Airedaleterriër | ||
---|---|---|
Hondenras | ||
Basisinformatie | ||
Andere namen | Watersideterriër, Bingleyterriër | |
Oorsprong | Groot-Brittannië | |
Classificatie | FCI Groep 3 Sectie 1 #7 Zie ook de lijst van FCI-nummers | |
Lijst van hondenrassen |
De airedaleterriër is een hondenras. De naam van de airedaleterriër, die ook wel koning der terriërs genoemd wordt, stamt van het rivierdal (Engels: dale) van de rivier de Aire in Yorkshire. In dit gebied ligt ook de oorsprong van de airedaleterriër.
Geschiedenis
De oorsprong van de airedaleterriër is niet zeker. Met hoge waarschijnlijkheid fokten de boeren in het dal van de Aire in de 19e eeuw deze veelzijdig inzetbare hond uit de otterhound en enkele middelgrote Engelse terriërs. Ook de gordon setter en Schotse herders zouden mee ingekruist zijn. Eerste vermeldingen van het ras noemen hem nog waterside terriër of working terriër. In 1875 werden de eerste honden van dit ras onder de naam waterside terriër of bingley terriër tentoongesteld. Vanaf 1880 werd de naam airedaleterriër voor het ras gebruikelijk. In 1882 werd het eerste stamboek geopend. In 1886 werd het ras door de Engelse "Kennel Club" officieel erkend. De jaartallen lopen uiteen tussen de verschillende bronnen.
Gebruik
De airedaleterriër heeft veelzijdige eigenschappen die terug te voeren zijn op de veelzijdige inzet in zijn oorsprongsgebied. De boeren, jagers, mijnwerkers en fabriekswerkers gebruikten de honden voor de jacht (op otters), herderswerk, waakdiensten en hondengevechten. Hoewel de hond een ruwe vacht heeft en algemeen een borstelig uiterlijk heeft diende hij in de 19e eeuw als begeleider van de lady's in Londen.

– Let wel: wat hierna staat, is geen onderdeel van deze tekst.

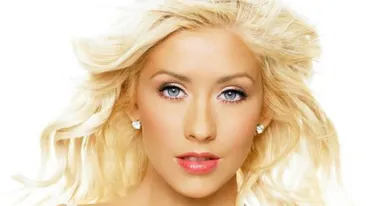Christina Aguilera, in cea mai sexy ipostaza din ultimii ani. Cum s-a putut tolani in pat, intr-o rochie creatia unei romance!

In 1894 werd hij als bijzonder geschikt bevonden om in het Duitse leger dienst te doen. Tijdens een inzetbaarheidsproef voor de Tweede Wereldoorlog lag de airedaleterriër met 33% voor op rassen zoals de dobermann en de boxer.
Uiterlijk
Een airedaleterriër is een robuuste en zeer gespierde hond. Hij heeft een harde, compacte en ruwe vacht met veel ondervacht. De kleur van hoofd, oren, poten is bruinkleurig en de rug en de zijkanten zijn zwart of donkergrijs. Reuen bereiken meestal een schofthoogte van 58 tot 61 centimeter en teven een schofthoogte van 56 tot 59 cm. De airedaleterriër heeft een gewicht van ongeveer 20 kilogram voor een teef en 25 voor een reu.
Anno 2008
De airedaleterriër is een veelzijdige hond: het is een lieve gezinshond en tevens een goede werkhond. Op het ogenblik is het een ras dat niet in groten getale voorkomt. Enkele internationaal gerenommeerde airedaleterriërfokkers zijn Stargus, Jokyl (Groot-Brittannië), Joval, Darbywood (Verenigde Staten), Van 't Asbroek (België), Airedreams (België), Garnsee, Von der schwarzen kuhle (Duitsland), Of the Courtmate, v.'t Seebosch, Of Malton (Nederland).